Question

The magnetic field \[B = 2{t^2} + 4{t^2}\] (where \[t\]\[ = \] time) is applied perpendicular to the plane of a circular wire of radius \[r\] and resistance\[R\]. If all the units are in SI the electric charge that flows through the circular wire during \[t = 0s\]to \[t = 2s\] is
A. \[\dfrac{{6\pi {r^2}}}{R}\]
B. \[\dfrac{{24\pi {r^2}}}{R}\]
C. \[\dfrac{{32\pi {r^2}}}{R}\]
D. \[\dfrac{{48\pi {r^2}}}{R}\]

Answer 1

Hint: Here, the magnetic field given is time dependent that is, it is varying with time. This time varying magnetic field induces an emf in the wire and from Faraday’s law, we have the induced emf in a circuit is equal to the time rate of change of magnetic flux through the circuit.

Complete step by step answer:
Given, magnetic field, \[B = 2{t^2} + 4{t^2}\]
Radius of the circular wire \[ = r\]
And resistance of the circular wire\[ = R\]
We need to find the electric charge that flows through the wire during \[t = 0s\] to \[t = 2s\].
At \[t = 0s\], \[{B_1} = 2{(0)^2} + 4{(0)^2} \Rightarrow {B_1} = 0\]......................(1)
\[t = 2s\],\[{B_2} = 2{(2)^2} + 4{(2)^2} \Rightarrow {B_2} = 24\,{\text{Wb}}\,{{\text{m}}^{{\text{ - 2}}}}\]...................................(2)
As the magnetic field and the plane of the circular wire are perpendicular to each other so, there will be an induced emf in the wire due to varying magnetic field. The induced emf is given by,
\[\left| \varepsilon \right| = \dfrac{{\Delta {\phi _B}}}{{\Delta t}}\]..............................(3)
Where \[\Delta {\phi _B}\] is the change in the magnetic flux during the time interval \[\Delta t\].
The induced emf can also be written as,
\[\left| \varepsilon \right| = IR\].............................................(4)
where \[I\]is the current through the wire and \[R\]is the resistance of the wire.

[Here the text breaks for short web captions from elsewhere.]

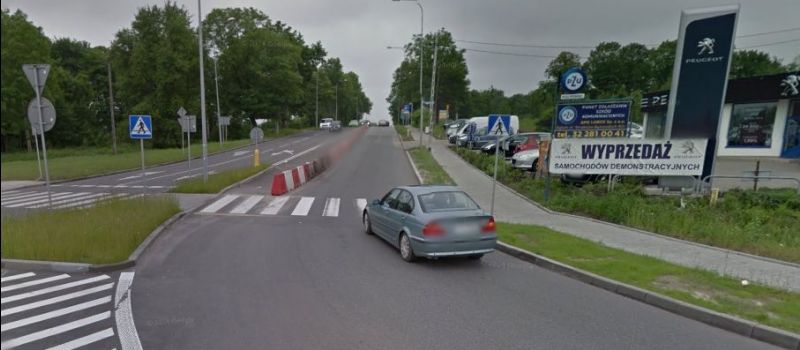 Kolejny etap prac na ul. Strzelców Bytomskich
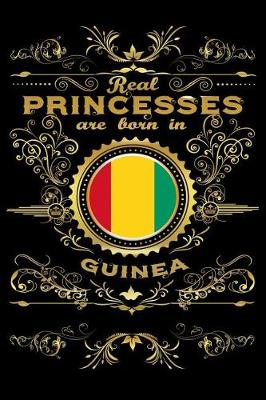 Book cover for Real Princesses Are Born in Guinea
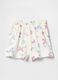 Multicolour Butterfly Print Shorts_0
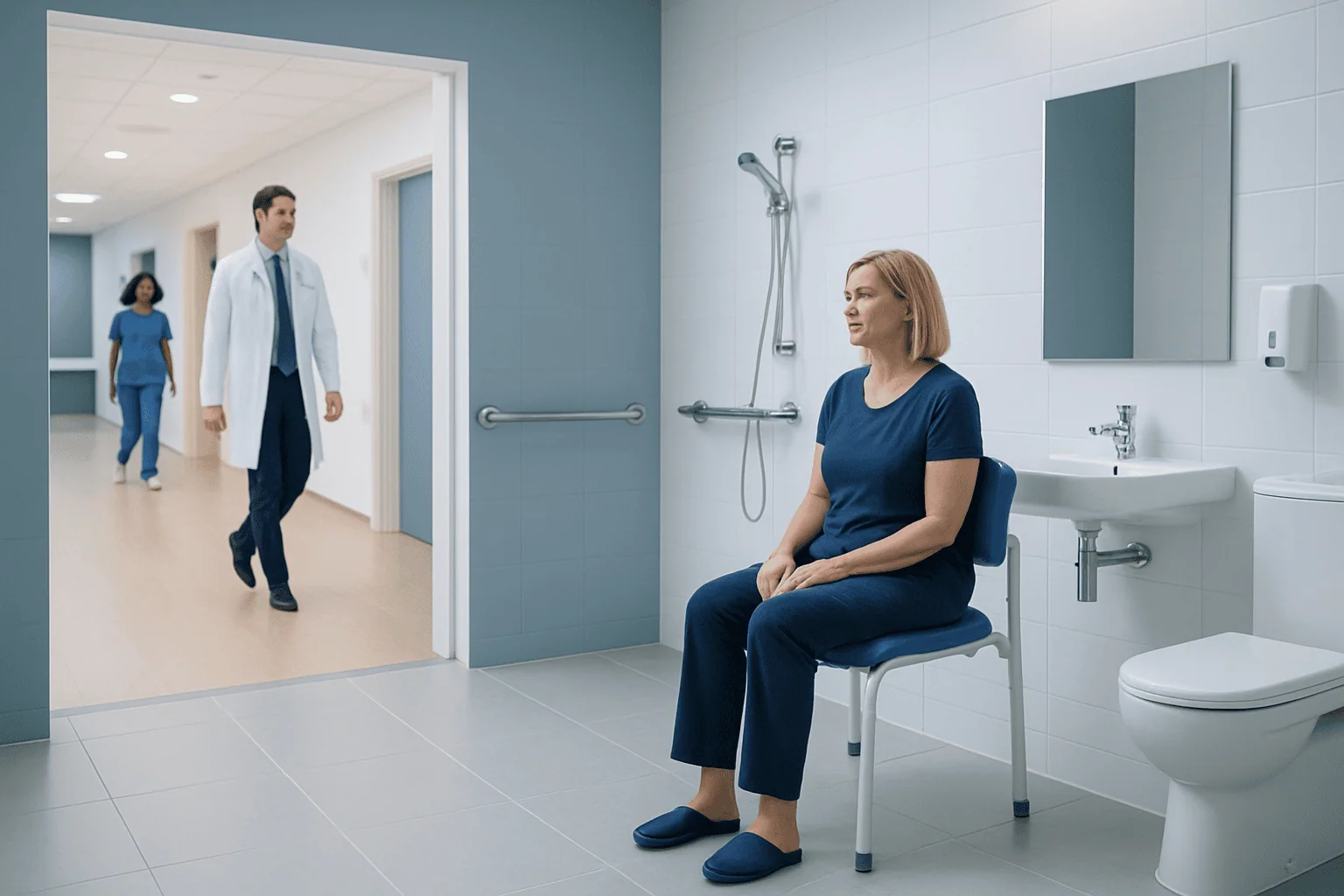 Accessible Bathroom Safety During Recovery in Turkey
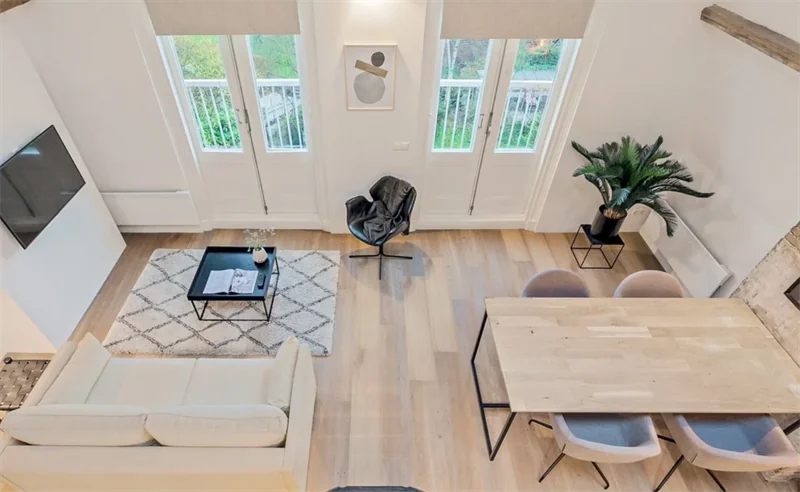 Foto van de Appartement gelegen aan de Saftlevenstraat in Rotterdam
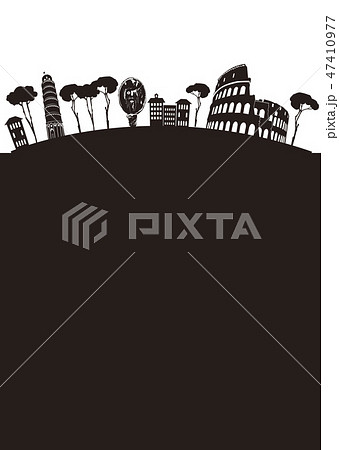 イタリアローマ街並 47410977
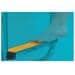 Pool Design Anti-Rutsch Aufkleber Poolmatte R3 Streifen 2500x60mm Wellenoptik blau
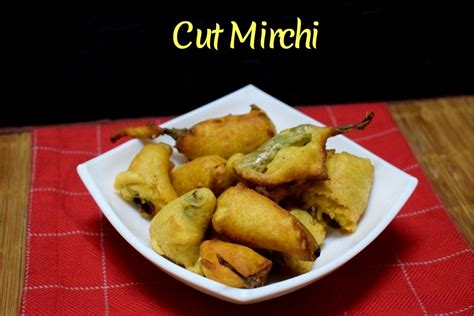 Cut Mirchi | Andhra Cut Mirchi Bajji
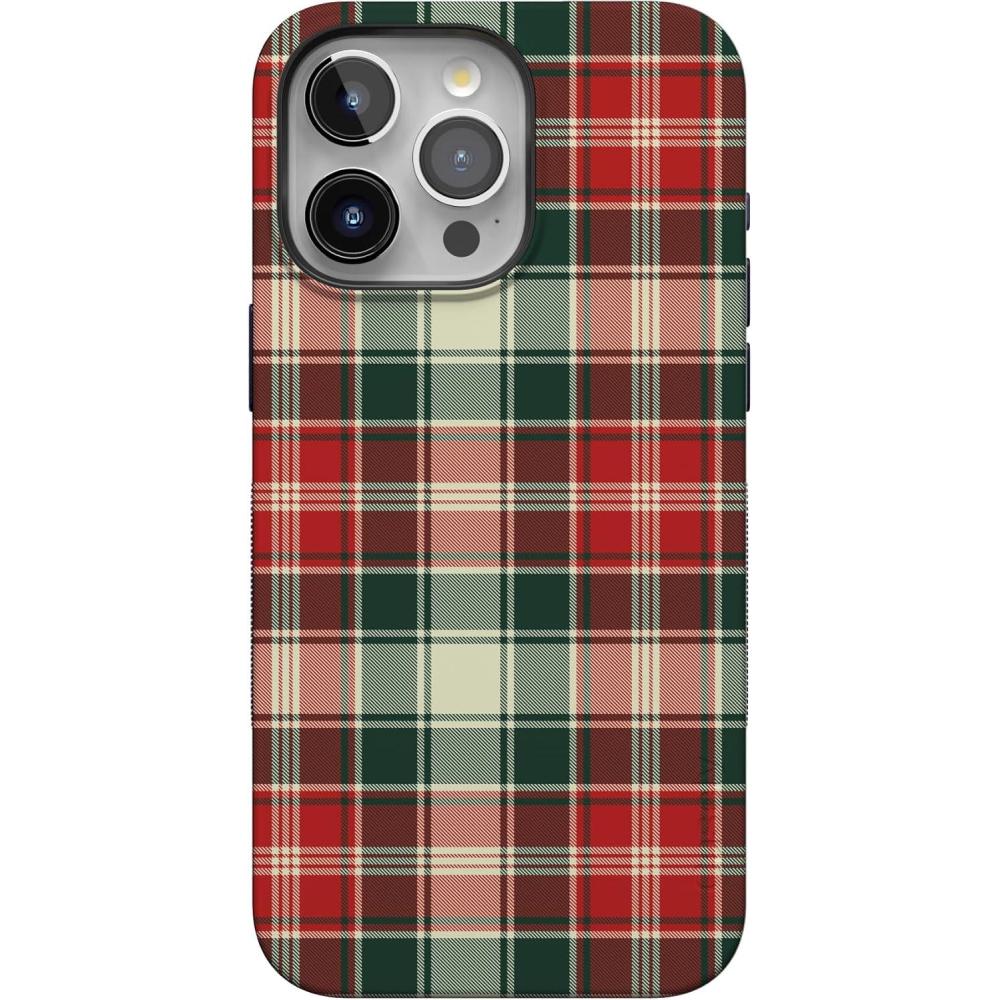 imageCasely iPhone 15 Pro Max Case  Plaid amp Proper  Signature Plaid  Bold Protective Design  MagSafe Compatible Design
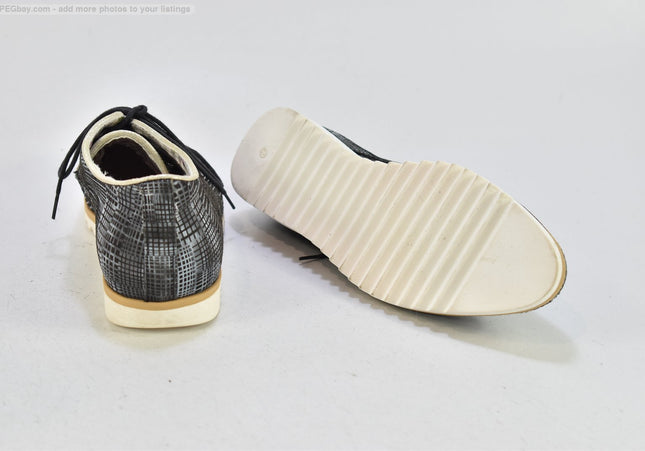 Martina Buraro Damen Halbschuhe Freizeitschuhe EUR 37 Nr. 25-Y 1182-SchuhGebraucht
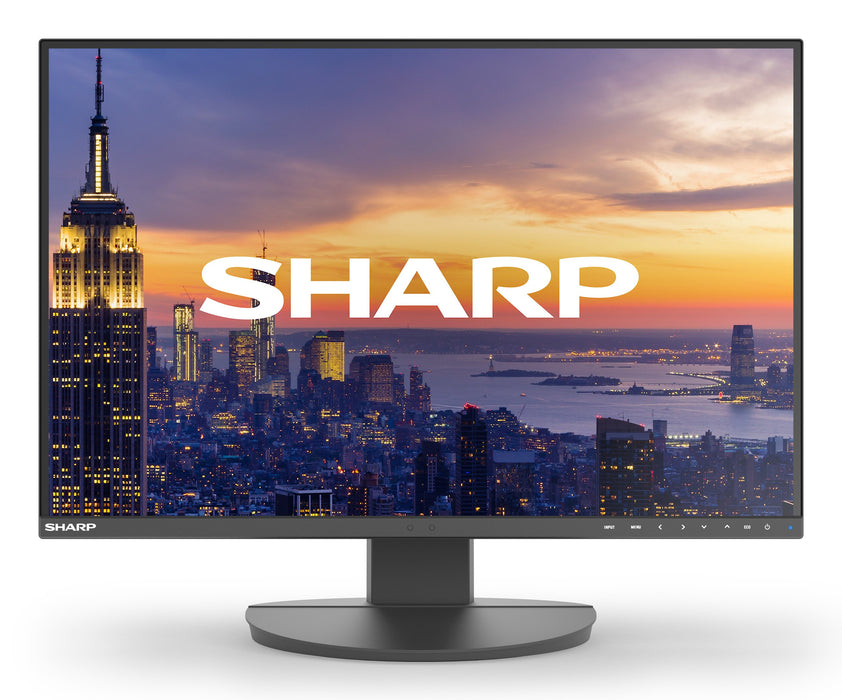EAN 4550556177443 - Sharp MultiSync EA242W pantalla para PC 61 cm (24") 1920 x 1200 Pixeles Full HD LCD Negro imagen 1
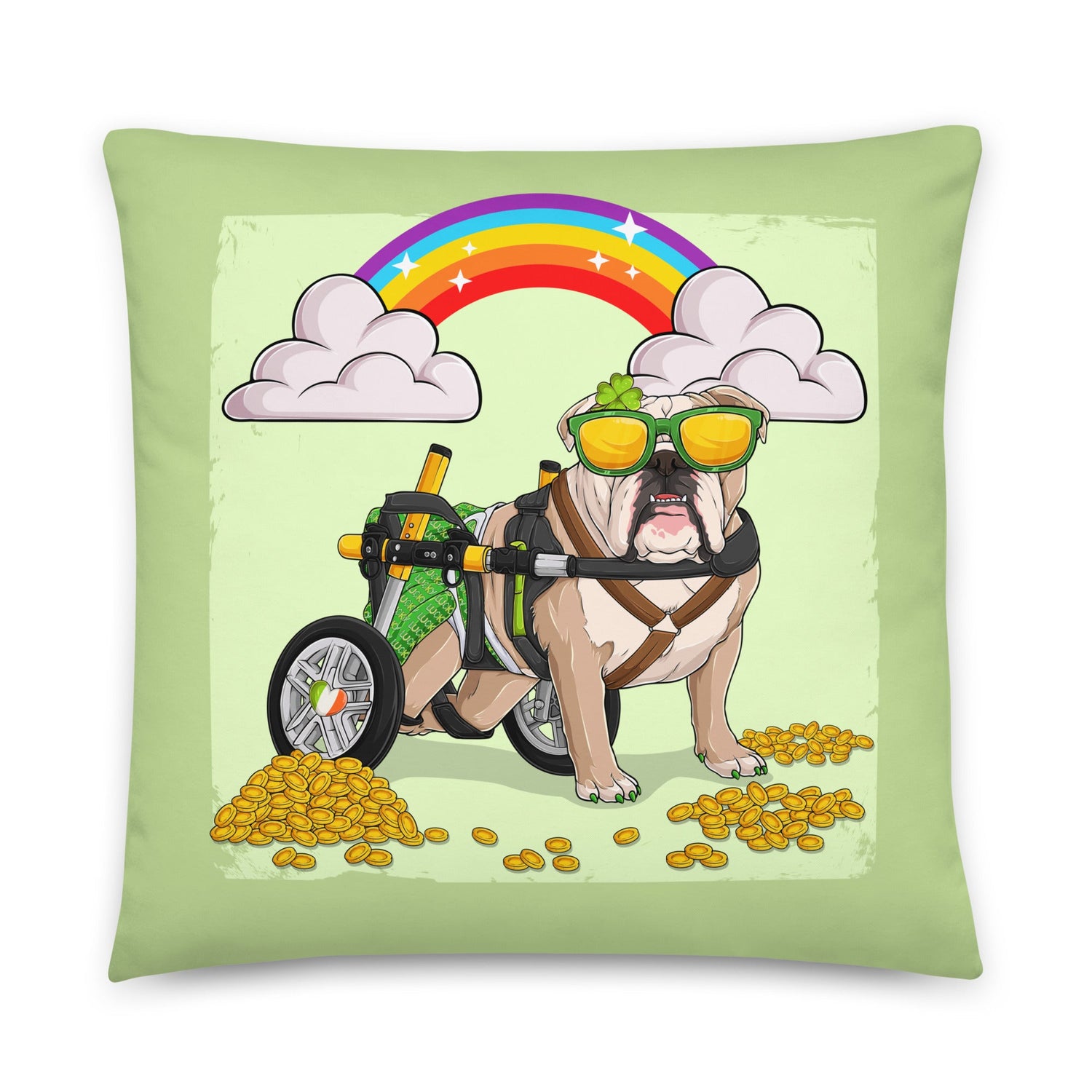Rainbow Pillow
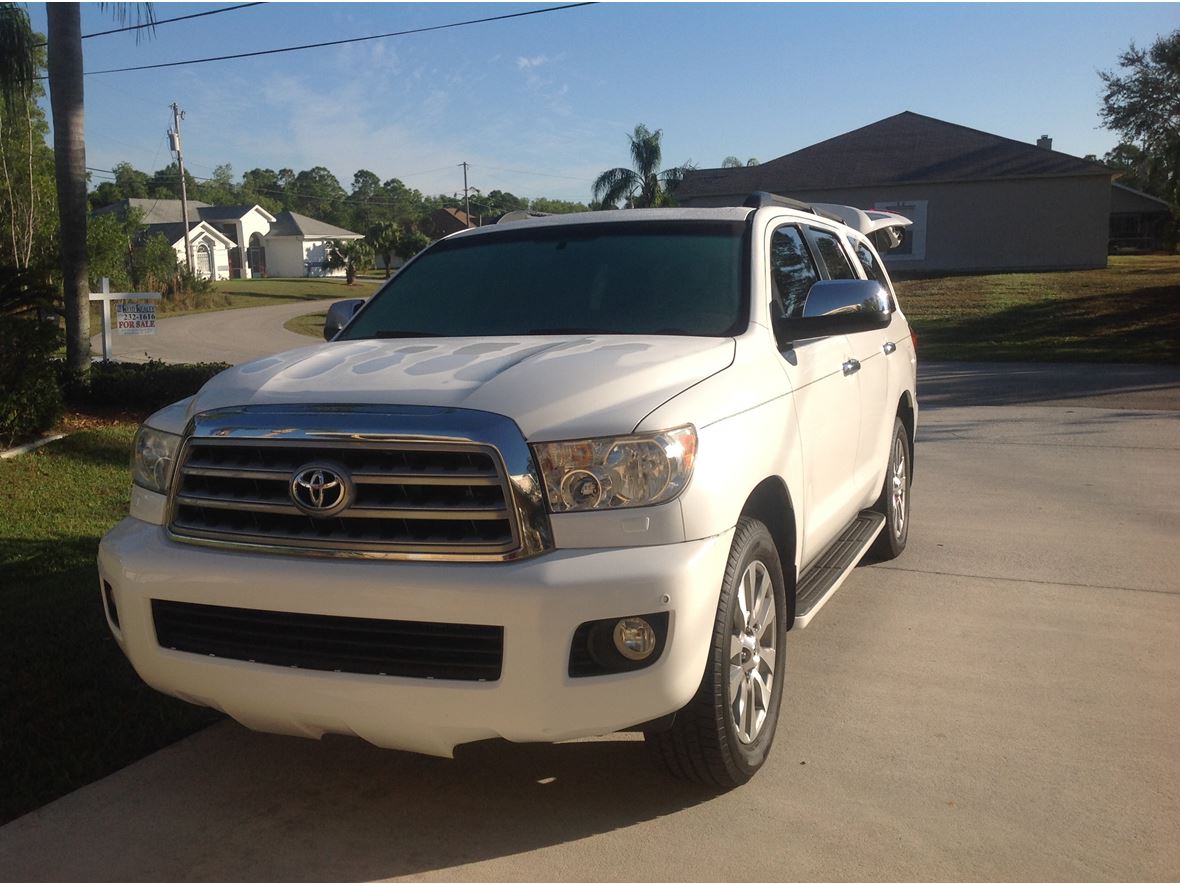 2011 Toyota Sequoia for sale by owner in Port Saint Lucie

Let \[\Delta Q\] be the charge flowing through the wire in the time interval\[\Delta t\]. So the current through the wire is, \[I = \dfrac{{\Delta Q}}{{\Delta t}}\]. Putting this value of \[I\]in equation (4), we get,
\[\left| \varepsilon \right| = \dfrac{{\Delta Q}}{{\Delta t}}R\].........................................(5)
Now, equating equations (3) and (5), we have,

\[\dfrac{{\Delta {\phi _B}}}{{\Delta t}} = \dfrac{{\Delta Q}}{{\Delta t}}R\]
\[ \Rightarrow \Delta {\phi _B} = \Delta QR\]
\[ \Rightarrow \Delta Q = \dfrac{{\Delta {\phi _B}}}{R}\]...........................................(6)
We have the formula for magnetic flux as, \[{\phi _B} = BA\cos \theta \] where \[B\] is the magnetic field and \[A\] is the area and \[\theta \]is the angle between the magnetic field vector and area vector of the wire. Here,\[\cos \theta = \cos 90 = 1\]and area of the circle of radius \[r\] is \[\pi {r^2}\]. Therefore, magnetic flux is
\[{\phi _B} = BA = B\pi {r^2}\]
Magnetic flux at time \[t = 0s\]is \[{\phi _{B1}} = {B_1}\pi {r^2} = 0\] [using equation (1)]
Magnetic flux at time \[t = 2s\]is \[{\phi _{B2}} = {B_2}\pi {r^2} = 24\pi {r^2}\,\] [using equation (2)]
Change in magnetic flux,\[\Delta {\phi _B} = {\phi _{B2}} - {\phi _{B1}} = 24\pi {r^2}\]........................... (7)
Now, putting the value of \[\Delta {\phi _B}\] from equation (7) in equation (6), we get
$\\Delta Q = \dfrac{{\Delta {\phi _B}}}{R} \\$
$ \Rightarrow \Delta Q = \dfrac{{24\pi {r^2}}}{R} \\$
Therefore charge flowing through the circular wire during the interval \[t = 0s\] to \[t = 2s\] is \[\Delta Q = \dfrac{{24\pi {r^2}}}{R}\]

So, the correct answer is “Option B”.

Note:
Here, the magnetic field is changing with time, that is the magnetic flux is changing, so there is an induced emf but if the magnetic field is constant then there will be no change in the magnetic field and there will be no induced emf. So while solving such problems, one should check whether the magnetic field is varying with time or is constant.